对于一个随机变量\(X\),如果\(P(X\in [a,b])=1,E(X)=0\),则对任意\(s>0\)有:

\[\begin{align} E(e^{sX})\leq e^{\frac{1}{8}s^{2}(b-a)^{2}} \end{align} \]

证明:

  • 首先,若\(a=b=0\),根据题设显然有\(P(X=0)=1\),那么:
    \(E(e^{sX})=\int_0^0 p(x)\cdot e^{sx}dx=1\leq e^{\frac{1}{8}s^2(0-0)^2}=1\)
  • 又若\(a=b\neq0\),那么\(E(X)=\int_a^a x\cdot p(x)dx=a\neq0\),与题设矛盾,所以必不可能有\(a=b\neq0\)
  • \(a=0\),由于\(E(x)=\int_{0}^{b}x\cdot P(x)dx=0\cdot P(0)+\int_{0^+}^{b}x\cdot P(x)dx\)
    上式右半部分\(\int_{0^+}^{b}x\cdot P(x)dx\)满足\(x>0,P(x)\geq 0\),所有应有\(\int_{0^+}^{b}x\cdot P(x)dx\geq 0\)
    又根据题设\(E(X)=0\),所有必有\(P(X=0)=1,P(X\neq 0)=0\),于是:

\[\begin{align} E(e^{sX})&=\int_{0}^{b}p(x)\cdot e^{sx}dx\\ &=p(0)\cdot e^{s\cdot 0}+\int_{0^+}^{b}p(x)\cdot e^{sx}dx\\ &=1\cdot e^{0}+0=1\\ &\leq e^{\frac{1}{8}s^2b^2}=e^{\frac{1}{8}s^2(b-a)^2} \end{align} \]

  • 考虑剩下的情况,此时根据\(E(X)=\int_a^b x\cdot p(x)dx=0\),必有\(a<0,b\geq 0\)
    注意到\(e^{sX}\)是关于\(X\)的一个凸函数,所以根据\(Jensen\)不等式有:

\[\begin{align} e^{(\frac{b-X}{b-a}sa+\frac{X-a}{b-a}sb)}&=e^{sX}\\ &\leq \frac{b-X}{b-a}e^{sa}+\frac{X-a}{b-a}e^{sb} \end{align} \]

       两边同时对\(X\)取期望,并代入\(E(X)=0\)得到:

\[\begin{align} E(e^{sX})&\leq \frac{b-E(X)}{b-a}e^{sa}+\frac{E(X)-a}{b-a}e^{sb}\\ &=\frac{b}{b-a}e^{sa}-\frac{a}{b-a}e^{sb}\\ &=(-\frac{a}{b-a})e^{sa}(e^{sb-sa}-\frac{b}{a}) \end{align} \]

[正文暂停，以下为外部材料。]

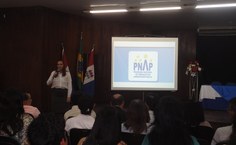 Professora Luciana Santa Rita conversa com os alunos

       令\(\theta=-\frac{a}{b-a}>0\),上式右边就变成了:

\[\begin{align} \theta e^{-s\theta(b-a)}(\frac{1}{\theta}-1+e^{s(b-a)})&=(1-\theta+\theta e^{s(b-a)})e^{-s\theta (b-a)}\\ &=e^{\log[1-\theta+\theta e^{s(b-a)}]e^{-s\theta(b-a)}}\\ &=e^{-s\theta(b-a)+\log[1-\theta+\theta e^{s(b-a)}]}\\ \end{align} \]

       令\(u=s(b-a)\),并且定义\(\varphi\)

\[\begin{align} \left\{ \begin{array}{l} \varphi : R\rightarrow R\\ \varphi(u)=-\theta u+\log(1-\theta+\theta e^{u}) \end{array} \right. \end{align} \]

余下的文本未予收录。